# [GIVEN ENTRIES]
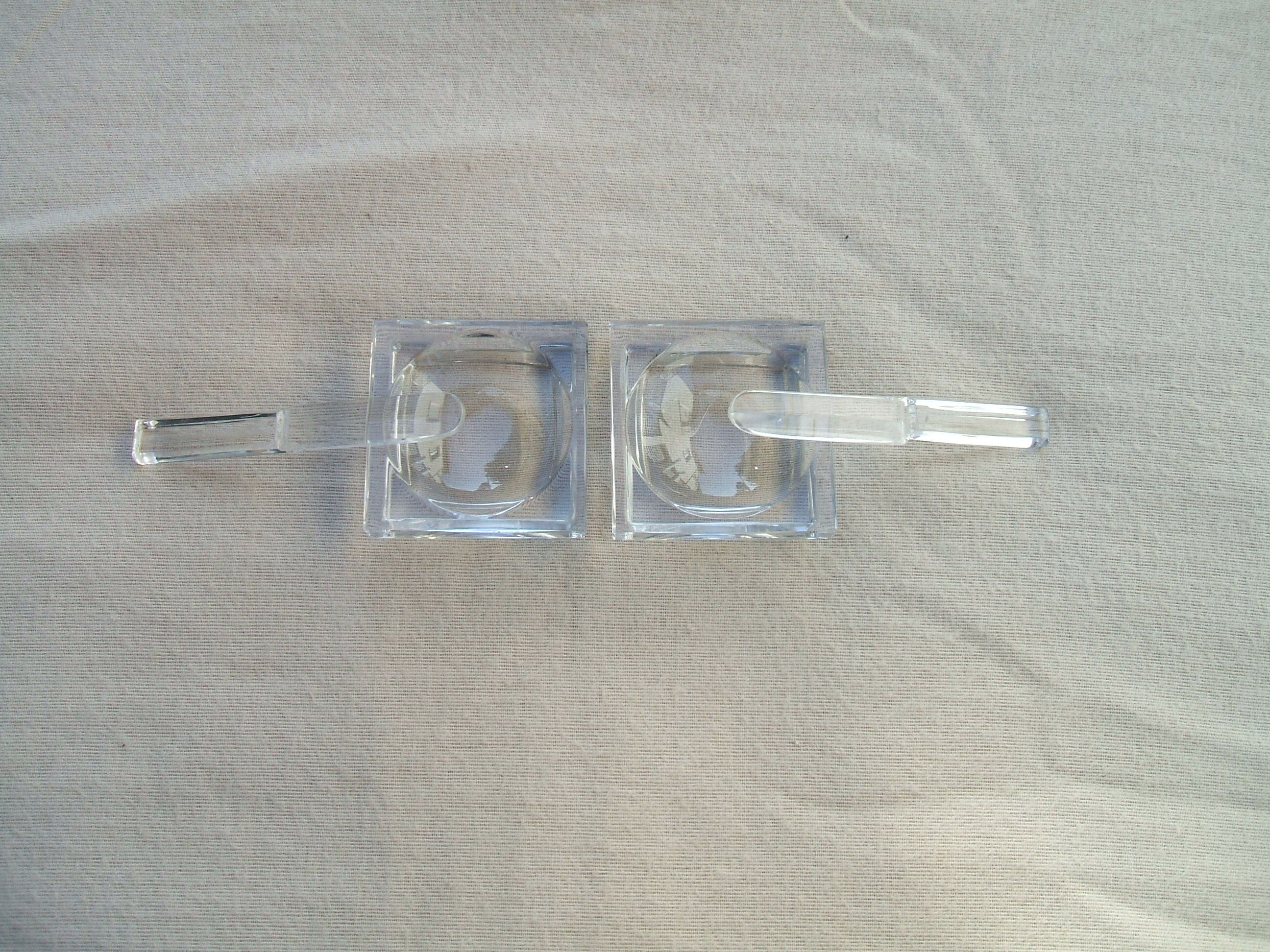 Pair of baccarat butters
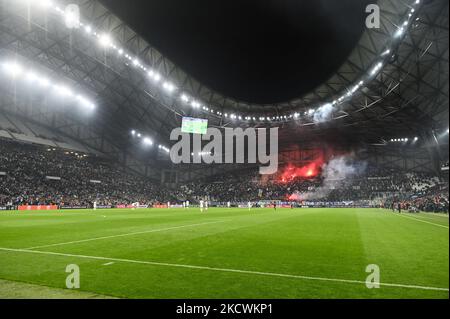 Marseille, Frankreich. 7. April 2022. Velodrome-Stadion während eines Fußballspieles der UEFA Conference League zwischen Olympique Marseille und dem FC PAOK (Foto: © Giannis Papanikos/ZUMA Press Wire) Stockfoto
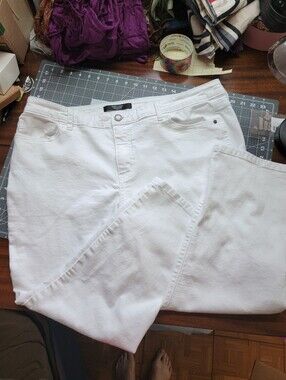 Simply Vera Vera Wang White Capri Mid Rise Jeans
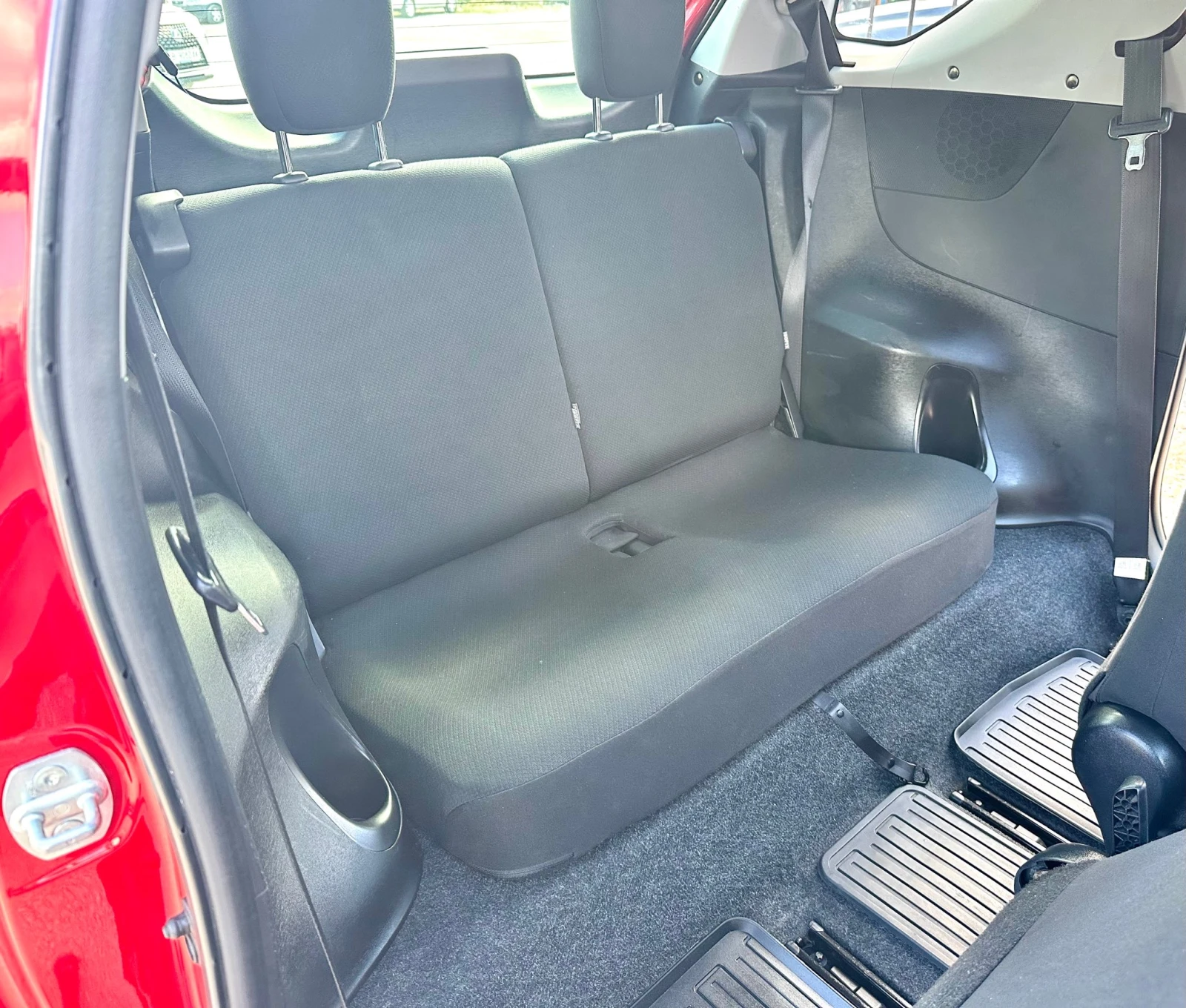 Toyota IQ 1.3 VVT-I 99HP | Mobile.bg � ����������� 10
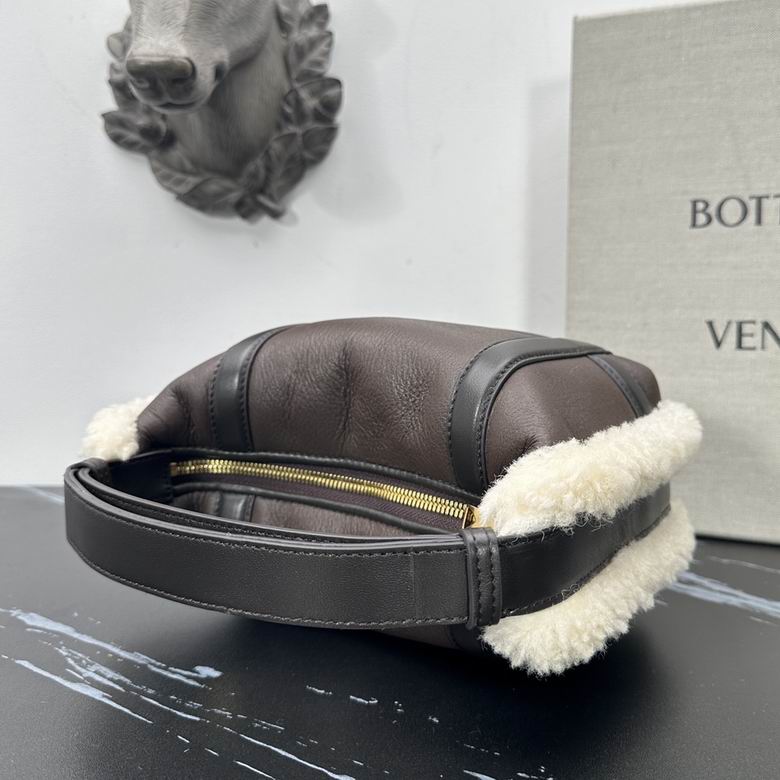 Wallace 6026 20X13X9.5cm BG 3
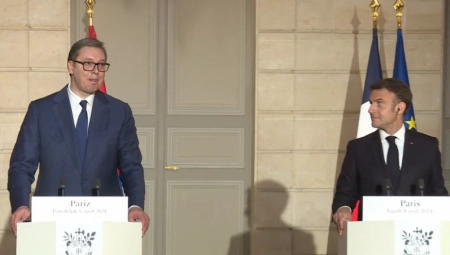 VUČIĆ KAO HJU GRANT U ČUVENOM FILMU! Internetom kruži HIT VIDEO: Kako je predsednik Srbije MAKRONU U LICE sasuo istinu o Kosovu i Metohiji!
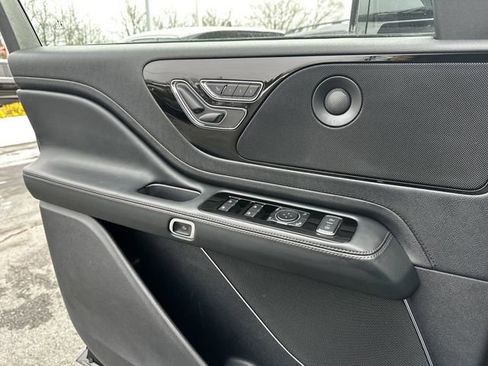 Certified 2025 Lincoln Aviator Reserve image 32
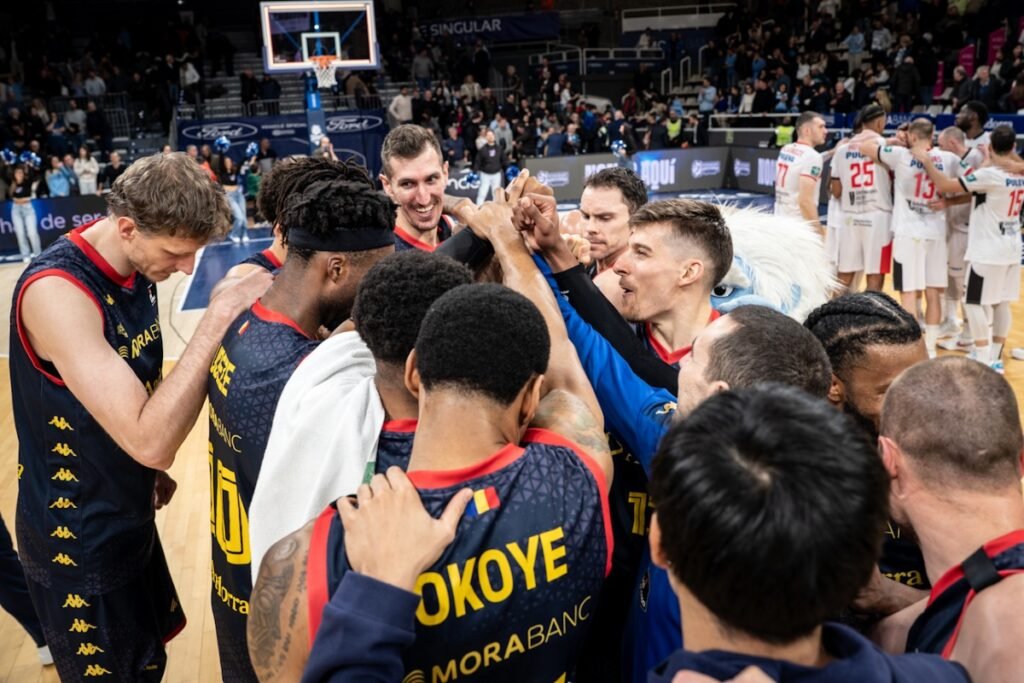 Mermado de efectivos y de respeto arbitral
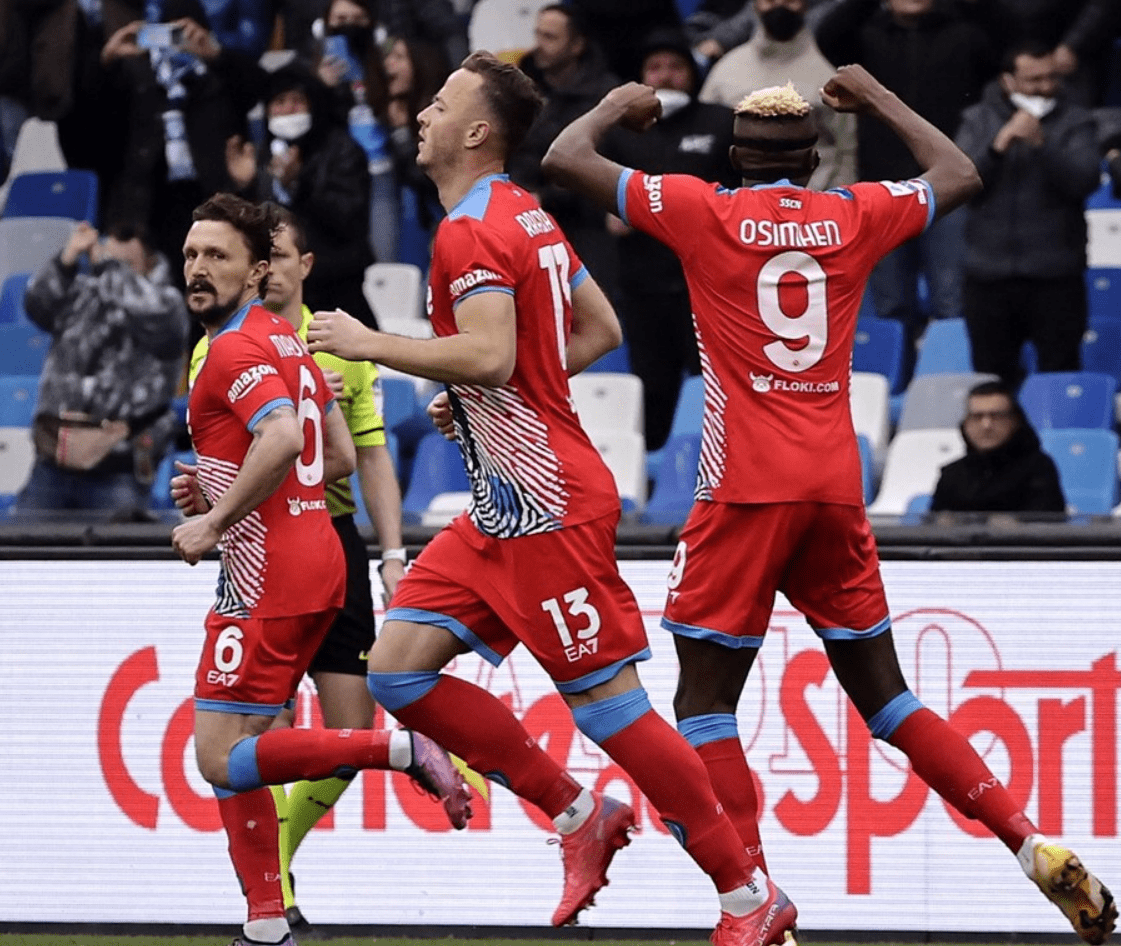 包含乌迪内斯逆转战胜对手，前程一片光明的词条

# [WORK REQUIRED]
Locate "Wallace 6026 20X13X9.5cm BG 3" in the entries above. Copy, exactly and only, the lines from that line to the end, leaving out the pictures.

# [RESPONSE TO THIS EXERCISE]
 Wallace 6026 20X13X9.5cm BG 3
 VUČIĆ KAO HJU GRANT U ČUVENOM FILMU! Internetom kruži HIT VIDEO: Kako je predsednik Srbije MAKRONU U LICE sasuo istinu o Kosovu i Metohiji!
 Certified 2025 Lincoln Aviator Reserve image 32
 Mermado de efectivos y de respeto arbitral
 包含乌迪内斯逆转战胜对手，前程一片光明的词条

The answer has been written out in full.